Your assignment
Every line of the material is to be quoted verbatim, minus the pictures.

Stored data

- - - - - - -

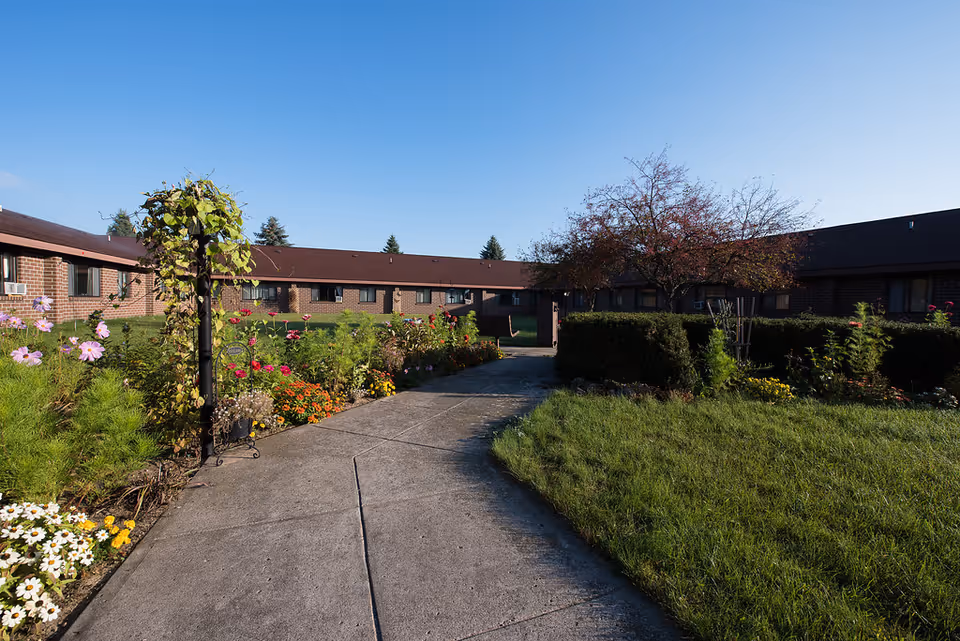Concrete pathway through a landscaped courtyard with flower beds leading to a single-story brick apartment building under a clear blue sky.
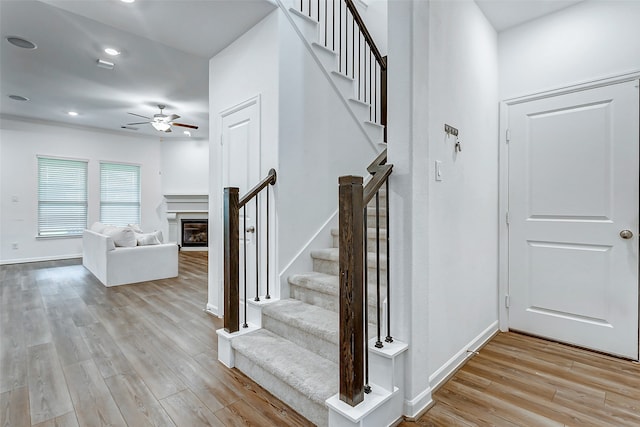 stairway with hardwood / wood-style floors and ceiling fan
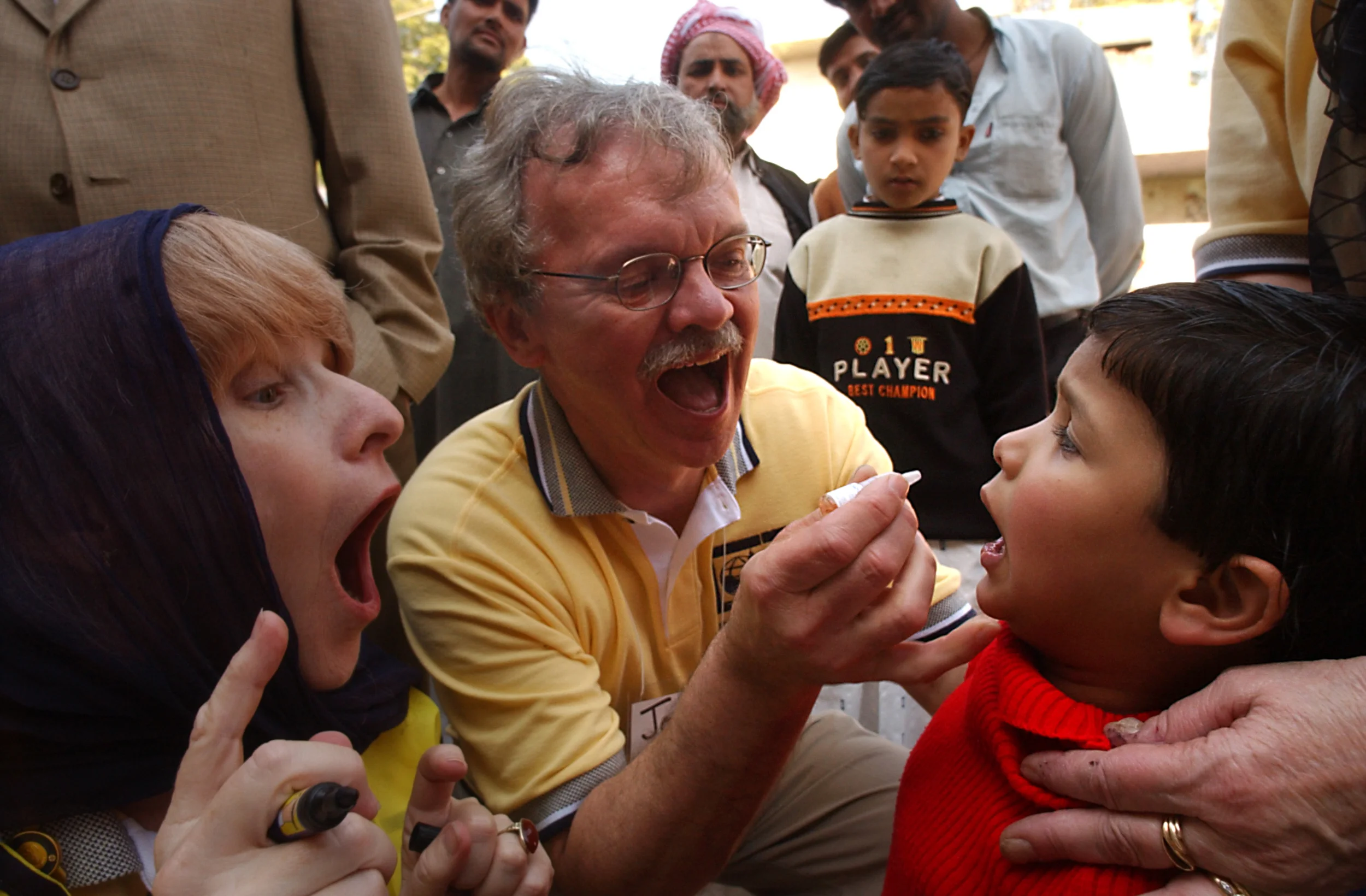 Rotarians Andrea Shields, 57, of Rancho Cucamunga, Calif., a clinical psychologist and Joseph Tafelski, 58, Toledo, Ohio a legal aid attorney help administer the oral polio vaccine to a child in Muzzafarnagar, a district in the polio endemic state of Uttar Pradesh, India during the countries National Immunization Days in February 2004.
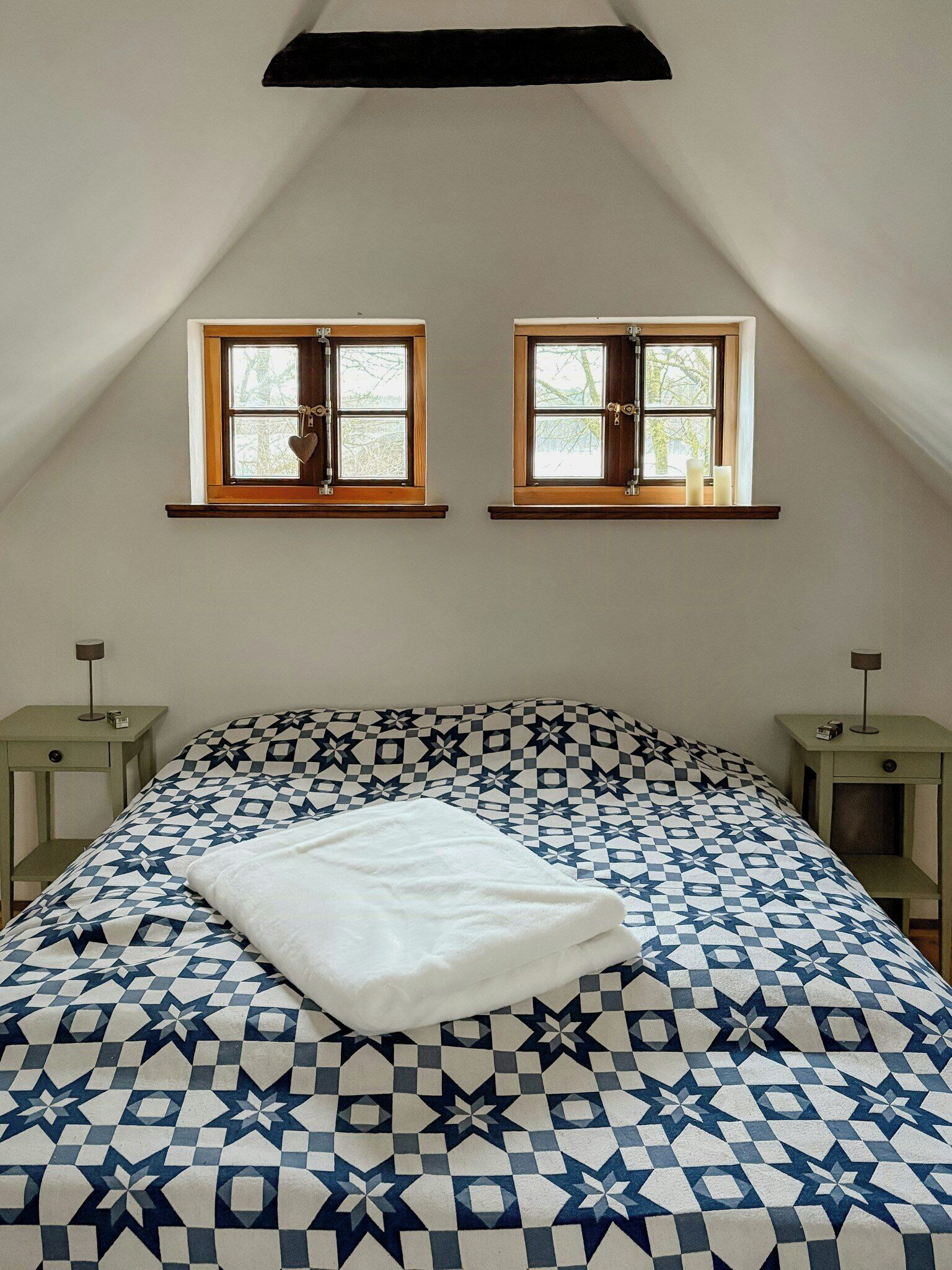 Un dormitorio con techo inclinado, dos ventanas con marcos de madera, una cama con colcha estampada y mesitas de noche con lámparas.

- - - - - - -

Solution to this problem
Concrete pathway through a landscaped courtyard with flower beds leading to a single-story brick apartment building under a clear blue sky.
 stairway with hardwood / wood-style floors and ceiling fan
 Rotarians Andrea Shields, 57, of Rancho Cucamunga, Calif., a clinical psychologist and Joseph Tafelski, 58, Toledo, Ohio a legal aid attorney help administer the oral polio vaccine to a child in Muzzafarnagar, a district in the polio endemic state of Uttar Pradesh, India during the countries National Immunization Days in February 2004.
 Un dormitorio con techo inclinado, dos ventanas con marcos de madera, una cama con colcha estampada y mesitas de noche con lámparas.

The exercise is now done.